Recap from Day 015
In day 015 we learned about Improving Models and we saw that “Improving a model means increasing its accuracy and predictive power and preventing overfitting (when the model cannot distinguish between data and noise). Model improvement involves feature engineering (feature selection and transformation) and hyperparameter tuning.”
Wow! it’s 16 days already. Are you still here? Yeah. I’m still here, and I hope to be till day 100 and beyond.
We’ve been exploring supervised learning for some days now. Today, we’ll start looking at unsupervised learning.
“Unsupervised learning is a type of machine learning algorithm used to draw inferences from datasets consisting of input data without labeled responses. The most common unsupervised learning method is cluster analysis, which is used for exploratory data analysis to find hidden patterns or grouping in data.”
When you want to explore your data but don’t yet have a specific goal or are not sure what information the data contains, unsupervised learning is the solution.
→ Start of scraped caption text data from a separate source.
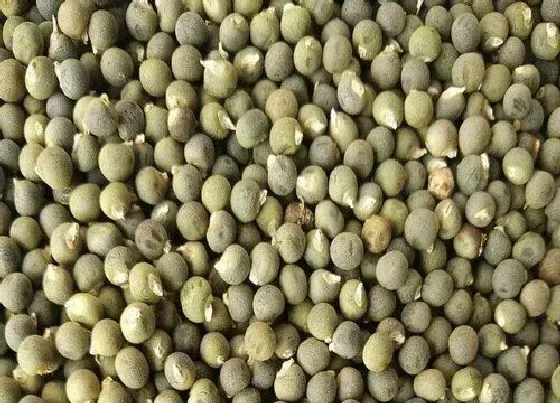 食用须知|秋葵种子可以吃吗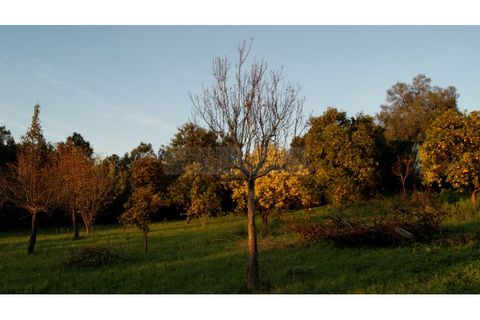 Farm i Braga, Braga, Braga - € 900.000 | Ref: MAS_1535 - foto 44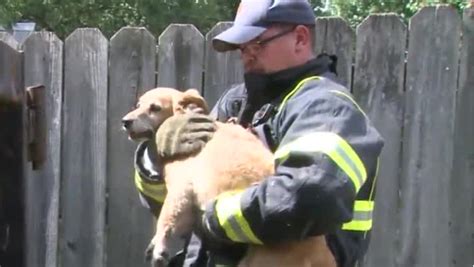 Watch Firefighters In Jeffersonville Rescue Dog Trapped Under Dumpster
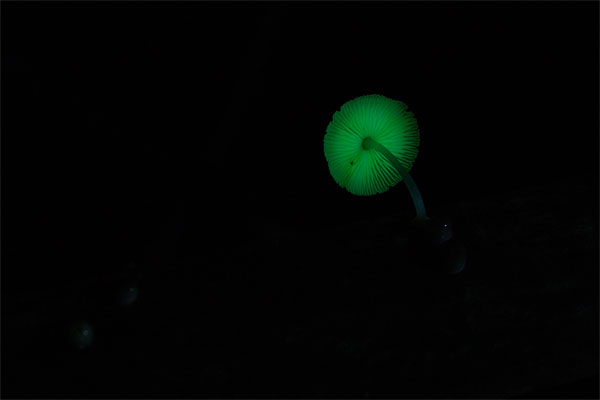 2010080901.jpg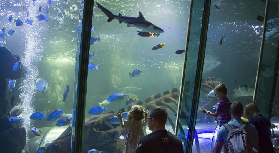 英國諾福克隱藏版！亨斯坦頓海洋館實測｜海豹救援+水獺超萌互動👀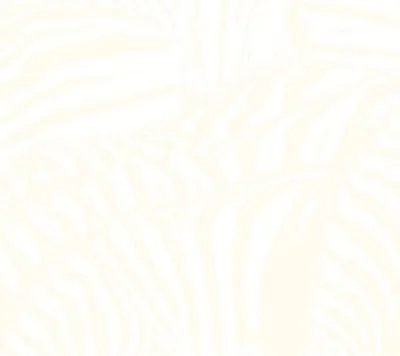 Obrázek produktu pro Beach House: Beach House: Teen Dream -   - (LP / T)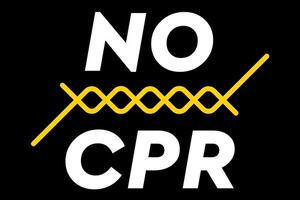 Il gruppo "Insieme in comune" di Pallerone critica le poszioni, a loro dire morbide del presidente della Provincia Valettini sull'ipotetico Cpr da realizzare ad Aulla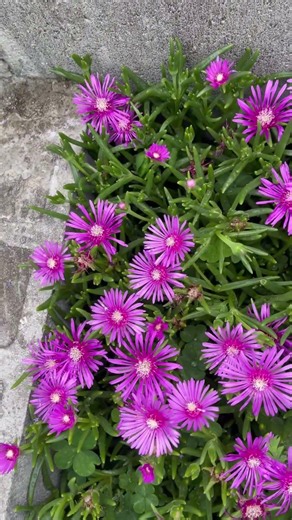 挿し芽マツバギクを花壇に植えて12週間経過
It’s also a good way to reduce the dimensions of your data.
“As a musician, you could train an unsupervised learning algorithm on melodies you’ve written and, perhaps, discover that you tend to have three or four different types of melodic structure that you use over and over again.”
Cluster analysis, which is used for exploratory data analysis to find hidden patterns or grouping in data, is the most common unsupervised learning method used.
As a musician, “you can look for patterns in works by hundreds or thousands of other artists or composers and use this to discover similarities in patterns in a bottom up way, defined by whatever type of features you choose rather than describing their work in terms of culturally defined top down categories for describing genre or style.”
“Unsupervised clustering can also be used for building new interfaces for interaction.”
Let’s say you are an electronic musician and you have thousands of audio samples or loops stored on your computer and you want to look for new samples to use. Instead of searching for a sample by typing in a search keyword like “groovy” or navigating a complicated directory structure by clicking through a bunch of folders until you reach the synth effects you want to use. An alternative is to extract features like spectra centroid or RMS, and maybe statistics like average or standard deviation describing how these features change over the course of an audio file. You could then run a clustering algorithm to detect clusters of samples that are likely to sound similar and then you could visualize and browse your sample collections based on these perceptually relevant clusters rather on the sounds files names or the way they were packed into a directory by the sample library vendor.
Unsupervised learning can even be used to come up with new features(We’ll learn about that tomorrow).
Great Job. You made it to the end of day 016. I hope you found this informative. Thank you for taking time out of your schedule and allowing me to be your guide on this journey.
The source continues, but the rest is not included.